In the past few years, as fintechs have increasingly come into play on the global stage, not only have they shaken up the way in which traditional business is done – but they also shone a light on the need for significant innovation in the payments space.

For banks and other financial services providers, global payments revenues were $1.9 trillion in 2018, of which half were B2B. The sector represents a significant growth opportunity and is attracting major attention from emerging digital players. One thing is clear – banks and technology players are no longer separate entities but two interchangeable sides of the same coin.

As payment digitalisation continues to take place, how can providers ensure that they adopt technological advancements in 2020 to address some of the industry’s most challenging pain points and create unique angles to stay ahead of the curve?

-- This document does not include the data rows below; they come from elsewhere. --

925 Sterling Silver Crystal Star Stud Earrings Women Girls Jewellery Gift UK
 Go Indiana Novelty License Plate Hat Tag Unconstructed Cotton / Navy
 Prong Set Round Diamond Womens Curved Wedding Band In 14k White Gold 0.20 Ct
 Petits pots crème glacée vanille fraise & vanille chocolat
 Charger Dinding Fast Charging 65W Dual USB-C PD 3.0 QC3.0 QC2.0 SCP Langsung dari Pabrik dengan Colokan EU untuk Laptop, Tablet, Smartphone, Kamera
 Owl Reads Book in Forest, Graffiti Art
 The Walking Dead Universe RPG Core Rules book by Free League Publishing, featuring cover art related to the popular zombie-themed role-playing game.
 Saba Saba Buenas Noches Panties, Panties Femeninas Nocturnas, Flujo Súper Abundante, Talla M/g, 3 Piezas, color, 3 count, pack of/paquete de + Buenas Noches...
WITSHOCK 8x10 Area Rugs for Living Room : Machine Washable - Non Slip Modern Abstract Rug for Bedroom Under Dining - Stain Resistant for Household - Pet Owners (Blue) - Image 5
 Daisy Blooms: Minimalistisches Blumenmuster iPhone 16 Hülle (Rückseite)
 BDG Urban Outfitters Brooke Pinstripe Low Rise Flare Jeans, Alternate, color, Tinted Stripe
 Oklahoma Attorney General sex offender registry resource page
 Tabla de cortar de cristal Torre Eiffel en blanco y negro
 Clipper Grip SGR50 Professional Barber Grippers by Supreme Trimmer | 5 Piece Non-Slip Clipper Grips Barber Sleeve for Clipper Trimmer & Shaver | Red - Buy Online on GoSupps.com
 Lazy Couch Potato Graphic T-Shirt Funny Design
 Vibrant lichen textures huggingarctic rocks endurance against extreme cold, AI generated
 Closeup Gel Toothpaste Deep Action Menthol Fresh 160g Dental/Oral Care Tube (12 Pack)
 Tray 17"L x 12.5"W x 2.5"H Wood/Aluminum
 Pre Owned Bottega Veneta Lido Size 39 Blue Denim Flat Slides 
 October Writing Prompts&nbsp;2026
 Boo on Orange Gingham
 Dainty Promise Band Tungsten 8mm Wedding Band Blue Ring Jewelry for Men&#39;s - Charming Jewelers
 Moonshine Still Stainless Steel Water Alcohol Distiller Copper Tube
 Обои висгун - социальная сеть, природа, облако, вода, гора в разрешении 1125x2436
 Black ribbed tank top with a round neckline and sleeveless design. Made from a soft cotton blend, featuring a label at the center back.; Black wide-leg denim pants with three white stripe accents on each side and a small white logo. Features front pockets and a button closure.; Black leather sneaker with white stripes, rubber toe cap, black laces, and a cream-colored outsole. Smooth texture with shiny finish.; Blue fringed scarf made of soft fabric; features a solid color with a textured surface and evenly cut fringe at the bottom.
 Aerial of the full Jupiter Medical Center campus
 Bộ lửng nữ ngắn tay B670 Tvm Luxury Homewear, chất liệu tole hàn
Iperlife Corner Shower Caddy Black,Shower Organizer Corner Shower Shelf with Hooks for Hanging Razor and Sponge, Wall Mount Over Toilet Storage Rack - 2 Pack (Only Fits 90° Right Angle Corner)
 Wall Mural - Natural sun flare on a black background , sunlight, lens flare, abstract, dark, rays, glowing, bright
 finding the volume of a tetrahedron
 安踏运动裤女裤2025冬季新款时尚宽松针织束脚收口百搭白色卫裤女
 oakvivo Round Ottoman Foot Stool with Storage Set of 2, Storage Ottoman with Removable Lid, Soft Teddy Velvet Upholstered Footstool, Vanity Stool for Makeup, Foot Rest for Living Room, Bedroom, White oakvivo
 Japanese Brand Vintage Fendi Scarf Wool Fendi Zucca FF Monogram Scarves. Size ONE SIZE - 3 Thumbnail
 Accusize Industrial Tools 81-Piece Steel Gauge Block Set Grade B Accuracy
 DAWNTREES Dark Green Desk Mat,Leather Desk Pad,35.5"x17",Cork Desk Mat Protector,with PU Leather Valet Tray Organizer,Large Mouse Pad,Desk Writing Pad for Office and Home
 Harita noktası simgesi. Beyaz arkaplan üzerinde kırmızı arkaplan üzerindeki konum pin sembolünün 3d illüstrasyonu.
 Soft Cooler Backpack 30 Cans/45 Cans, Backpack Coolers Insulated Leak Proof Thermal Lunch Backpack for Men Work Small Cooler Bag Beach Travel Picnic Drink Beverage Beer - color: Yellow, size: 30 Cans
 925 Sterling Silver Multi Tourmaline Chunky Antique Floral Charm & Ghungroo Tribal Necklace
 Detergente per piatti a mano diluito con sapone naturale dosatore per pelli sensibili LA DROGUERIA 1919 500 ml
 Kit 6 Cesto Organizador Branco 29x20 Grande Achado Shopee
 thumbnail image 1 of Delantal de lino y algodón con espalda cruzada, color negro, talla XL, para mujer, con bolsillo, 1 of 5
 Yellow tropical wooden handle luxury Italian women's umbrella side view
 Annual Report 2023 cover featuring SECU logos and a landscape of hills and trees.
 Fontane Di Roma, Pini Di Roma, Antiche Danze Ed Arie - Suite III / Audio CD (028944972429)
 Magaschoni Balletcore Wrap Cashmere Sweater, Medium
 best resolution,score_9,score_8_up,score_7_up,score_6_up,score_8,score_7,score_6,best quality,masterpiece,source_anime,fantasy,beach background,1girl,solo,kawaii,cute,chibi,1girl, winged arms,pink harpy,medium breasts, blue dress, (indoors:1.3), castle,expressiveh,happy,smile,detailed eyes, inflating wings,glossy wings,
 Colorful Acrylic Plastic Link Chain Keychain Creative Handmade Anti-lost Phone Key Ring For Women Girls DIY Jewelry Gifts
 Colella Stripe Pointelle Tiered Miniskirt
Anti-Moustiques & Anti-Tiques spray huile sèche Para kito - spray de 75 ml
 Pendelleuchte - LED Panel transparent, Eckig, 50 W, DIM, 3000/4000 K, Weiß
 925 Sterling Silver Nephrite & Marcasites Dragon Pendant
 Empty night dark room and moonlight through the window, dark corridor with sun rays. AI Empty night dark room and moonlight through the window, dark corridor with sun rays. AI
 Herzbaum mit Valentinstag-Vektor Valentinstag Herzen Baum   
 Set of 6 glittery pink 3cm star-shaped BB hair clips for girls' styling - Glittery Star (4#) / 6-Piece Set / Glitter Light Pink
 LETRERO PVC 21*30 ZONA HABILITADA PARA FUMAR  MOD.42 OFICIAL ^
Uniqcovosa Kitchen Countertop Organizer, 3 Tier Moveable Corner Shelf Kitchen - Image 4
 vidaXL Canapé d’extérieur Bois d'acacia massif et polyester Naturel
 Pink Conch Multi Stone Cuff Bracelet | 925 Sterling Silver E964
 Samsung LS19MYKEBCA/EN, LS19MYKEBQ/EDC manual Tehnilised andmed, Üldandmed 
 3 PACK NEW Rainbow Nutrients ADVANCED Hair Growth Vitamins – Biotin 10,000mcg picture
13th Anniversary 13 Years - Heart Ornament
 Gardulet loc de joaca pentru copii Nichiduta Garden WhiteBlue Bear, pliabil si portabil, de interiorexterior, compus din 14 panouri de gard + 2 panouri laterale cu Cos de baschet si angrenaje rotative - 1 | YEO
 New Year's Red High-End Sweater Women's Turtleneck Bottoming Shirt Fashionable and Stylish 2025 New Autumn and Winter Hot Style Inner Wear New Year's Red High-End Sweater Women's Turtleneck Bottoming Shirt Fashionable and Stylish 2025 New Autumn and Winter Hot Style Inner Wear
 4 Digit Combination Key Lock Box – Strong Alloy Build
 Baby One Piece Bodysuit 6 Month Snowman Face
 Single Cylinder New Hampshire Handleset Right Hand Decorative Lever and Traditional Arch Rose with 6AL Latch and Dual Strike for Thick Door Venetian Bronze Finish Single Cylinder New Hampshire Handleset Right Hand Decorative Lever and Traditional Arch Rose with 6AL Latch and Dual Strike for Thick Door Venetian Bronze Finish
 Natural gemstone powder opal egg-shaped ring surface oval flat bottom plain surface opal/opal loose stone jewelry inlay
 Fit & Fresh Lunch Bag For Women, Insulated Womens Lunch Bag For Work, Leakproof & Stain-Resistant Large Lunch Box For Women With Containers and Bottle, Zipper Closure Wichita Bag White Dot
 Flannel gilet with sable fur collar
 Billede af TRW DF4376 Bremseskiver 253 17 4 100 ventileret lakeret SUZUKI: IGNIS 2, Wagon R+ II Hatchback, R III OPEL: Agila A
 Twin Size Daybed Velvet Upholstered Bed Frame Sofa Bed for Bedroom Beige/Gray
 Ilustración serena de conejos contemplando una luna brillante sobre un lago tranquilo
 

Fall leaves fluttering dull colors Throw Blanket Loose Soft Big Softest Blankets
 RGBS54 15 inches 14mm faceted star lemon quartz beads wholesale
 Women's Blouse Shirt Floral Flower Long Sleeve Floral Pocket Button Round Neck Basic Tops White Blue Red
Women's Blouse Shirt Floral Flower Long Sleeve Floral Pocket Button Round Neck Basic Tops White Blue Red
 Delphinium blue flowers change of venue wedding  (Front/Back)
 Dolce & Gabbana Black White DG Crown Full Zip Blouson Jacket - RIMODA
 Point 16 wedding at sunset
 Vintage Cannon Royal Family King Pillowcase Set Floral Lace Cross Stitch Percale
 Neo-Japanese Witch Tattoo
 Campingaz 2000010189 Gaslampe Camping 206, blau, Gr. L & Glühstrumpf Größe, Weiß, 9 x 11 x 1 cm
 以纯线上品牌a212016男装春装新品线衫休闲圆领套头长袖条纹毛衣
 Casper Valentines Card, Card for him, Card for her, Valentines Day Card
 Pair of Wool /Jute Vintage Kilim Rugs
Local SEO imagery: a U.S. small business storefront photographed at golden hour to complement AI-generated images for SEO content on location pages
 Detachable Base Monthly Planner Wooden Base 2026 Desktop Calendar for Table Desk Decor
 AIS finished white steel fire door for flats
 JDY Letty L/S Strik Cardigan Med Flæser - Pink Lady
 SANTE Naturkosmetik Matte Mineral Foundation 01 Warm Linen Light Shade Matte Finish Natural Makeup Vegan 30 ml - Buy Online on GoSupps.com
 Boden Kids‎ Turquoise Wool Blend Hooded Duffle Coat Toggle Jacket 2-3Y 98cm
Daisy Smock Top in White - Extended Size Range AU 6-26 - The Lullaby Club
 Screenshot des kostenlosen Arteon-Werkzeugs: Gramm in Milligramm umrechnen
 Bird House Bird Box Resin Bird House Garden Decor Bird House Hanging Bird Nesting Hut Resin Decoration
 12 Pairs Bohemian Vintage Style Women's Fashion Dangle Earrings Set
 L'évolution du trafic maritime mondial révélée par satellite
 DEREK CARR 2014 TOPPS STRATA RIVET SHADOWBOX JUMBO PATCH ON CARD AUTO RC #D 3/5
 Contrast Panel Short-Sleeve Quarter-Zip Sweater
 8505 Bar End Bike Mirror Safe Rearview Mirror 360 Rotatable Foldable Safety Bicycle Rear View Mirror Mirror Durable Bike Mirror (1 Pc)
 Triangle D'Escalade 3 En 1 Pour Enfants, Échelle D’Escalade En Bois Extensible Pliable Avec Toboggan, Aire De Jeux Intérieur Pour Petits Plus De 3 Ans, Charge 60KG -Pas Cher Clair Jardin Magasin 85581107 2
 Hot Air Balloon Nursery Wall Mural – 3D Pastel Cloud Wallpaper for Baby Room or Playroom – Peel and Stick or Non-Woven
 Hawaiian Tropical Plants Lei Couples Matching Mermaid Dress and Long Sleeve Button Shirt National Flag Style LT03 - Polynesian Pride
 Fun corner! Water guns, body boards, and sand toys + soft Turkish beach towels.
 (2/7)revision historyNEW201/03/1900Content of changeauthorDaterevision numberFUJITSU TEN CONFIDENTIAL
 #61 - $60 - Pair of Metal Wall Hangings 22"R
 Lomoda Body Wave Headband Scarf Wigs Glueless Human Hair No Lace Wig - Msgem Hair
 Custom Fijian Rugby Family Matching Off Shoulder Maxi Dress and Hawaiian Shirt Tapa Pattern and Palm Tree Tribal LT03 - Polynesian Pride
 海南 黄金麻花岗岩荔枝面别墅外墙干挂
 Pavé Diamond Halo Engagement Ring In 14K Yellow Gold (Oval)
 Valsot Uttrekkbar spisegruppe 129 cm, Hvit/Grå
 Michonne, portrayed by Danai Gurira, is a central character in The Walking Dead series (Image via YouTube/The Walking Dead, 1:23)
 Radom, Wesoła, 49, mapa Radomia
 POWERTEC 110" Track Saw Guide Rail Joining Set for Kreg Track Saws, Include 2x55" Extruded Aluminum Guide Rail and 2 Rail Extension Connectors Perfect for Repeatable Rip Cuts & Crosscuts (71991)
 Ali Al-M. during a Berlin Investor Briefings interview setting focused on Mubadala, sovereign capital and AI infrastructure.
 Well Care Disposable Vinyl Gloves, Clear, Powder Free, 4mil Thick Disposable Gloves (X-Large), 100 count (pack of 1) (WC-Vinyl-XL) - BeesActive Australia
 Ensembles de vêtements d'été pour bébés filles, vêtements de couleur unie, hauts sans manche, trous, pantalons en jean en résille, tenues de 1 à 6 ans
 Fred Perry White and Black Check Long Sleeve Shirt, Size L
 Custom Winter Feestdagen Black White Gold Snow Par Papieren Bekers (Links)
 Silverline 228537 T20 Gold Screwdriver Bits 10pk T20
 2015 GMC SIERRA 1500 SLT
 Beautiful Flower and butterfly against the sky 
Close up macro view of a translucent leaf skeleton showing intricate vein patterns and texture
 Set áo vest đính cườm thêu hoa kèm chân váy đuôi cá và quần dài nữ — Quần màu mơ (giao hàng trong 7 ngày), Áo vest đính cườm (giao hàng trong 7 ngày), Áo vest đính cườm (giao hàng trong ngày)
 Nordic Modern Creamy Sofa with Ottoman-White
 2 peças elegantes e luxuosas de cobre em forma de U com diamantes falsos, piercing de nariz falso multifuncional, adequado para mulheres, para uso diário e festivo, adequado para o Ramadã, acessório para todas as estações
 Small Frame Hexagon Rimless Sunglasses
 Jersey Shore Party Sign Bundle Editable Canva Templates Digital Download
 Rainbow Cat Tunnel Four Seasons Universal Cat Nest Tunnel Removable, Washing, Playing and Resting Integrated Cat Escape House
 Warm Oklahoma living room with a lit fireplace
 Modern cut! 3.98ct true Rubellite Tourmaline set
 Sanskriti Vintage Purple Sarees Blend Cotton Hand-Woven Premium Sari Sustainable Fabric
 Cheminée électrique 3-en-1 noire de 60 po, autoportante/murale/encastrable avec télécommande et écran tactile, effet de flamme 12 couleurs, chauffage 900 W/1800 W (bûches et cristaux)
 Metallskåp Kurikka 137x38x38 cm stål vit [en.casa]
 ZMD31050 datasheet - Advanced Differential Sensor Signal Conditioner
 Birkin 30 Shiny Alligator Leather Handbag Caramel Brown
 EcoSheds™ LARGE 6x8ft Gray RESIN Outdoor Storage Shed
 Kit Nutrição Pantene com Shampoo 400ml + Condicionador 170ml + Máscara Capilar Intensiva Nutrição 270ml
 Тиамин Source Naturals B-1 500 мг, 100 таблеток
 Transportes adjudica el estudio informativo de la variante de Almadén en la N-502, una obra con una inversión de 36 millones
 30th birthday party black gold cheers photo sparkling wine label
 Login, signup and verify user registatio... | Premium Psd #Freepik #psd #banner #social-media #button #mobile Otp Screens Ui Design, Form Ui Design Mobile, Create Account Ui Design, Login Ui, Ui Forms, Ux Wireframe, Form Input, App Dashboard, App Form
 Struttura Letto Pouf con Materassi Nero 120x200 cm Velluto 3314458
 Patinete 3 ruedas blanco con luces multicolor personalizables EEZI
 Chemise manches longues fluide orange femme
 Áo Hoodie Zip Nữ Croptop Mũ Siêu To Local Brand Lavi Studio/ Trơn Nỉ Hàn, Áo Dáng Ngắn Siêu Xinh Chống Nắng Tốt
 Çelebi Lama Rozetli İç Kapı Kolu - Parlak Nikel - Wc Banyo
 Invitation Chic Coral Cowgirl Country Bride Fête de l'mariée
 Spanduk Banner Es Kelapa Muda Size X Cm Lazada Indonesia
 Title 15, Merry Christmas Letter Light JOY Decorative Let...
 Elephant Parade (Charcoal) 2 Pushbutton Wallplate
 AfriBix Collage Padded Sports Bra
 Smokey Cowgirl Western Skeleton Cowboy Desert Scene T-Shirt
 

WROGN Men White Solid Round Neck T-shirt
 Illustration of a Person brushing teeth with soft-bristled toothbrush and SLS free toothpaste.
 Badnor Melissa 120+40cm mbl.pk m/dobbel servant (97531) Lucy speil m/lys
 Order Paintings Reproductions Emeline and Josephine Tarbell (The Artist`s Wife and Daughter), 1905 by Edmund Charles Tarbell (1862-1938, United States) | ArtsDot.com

Planting the seeds for success

Looking back over 2019, we saw B2B payments continue to move towards modernisation, particularly as businesses began to look at their end-to-end processes more holistically, utilise data more effectively, and replace their old systems with more nimble digital solutions.

One of the major trends has been the merging of accounts payable and accounts receivable data, feeding into a growing requirement from customers for a higher level of visibility and control to drive better business decisions. As a result, providers must start taking a wider view that encompasses both of these critical processes, to deliver more meaningful insights and help businesses optimise what have typically been two separate sides of the same coin.

Certainly there have been some teething issues to resolve, such as inconsistent tools and processes for businesses to share information with their buyers and suppliers, as well as associated privacy and cyber security issues that arise from the adoption of more open data frameworks.

While some progress has been made, particularly through the creation of ‘closed-loop’ buyer-supplier networks and ecosystems, there is significant room for improvement. Software and financial services providers alike are finding their feet in terms of capitalising on data to create truly intelligent and context-aware B2B payment solutions.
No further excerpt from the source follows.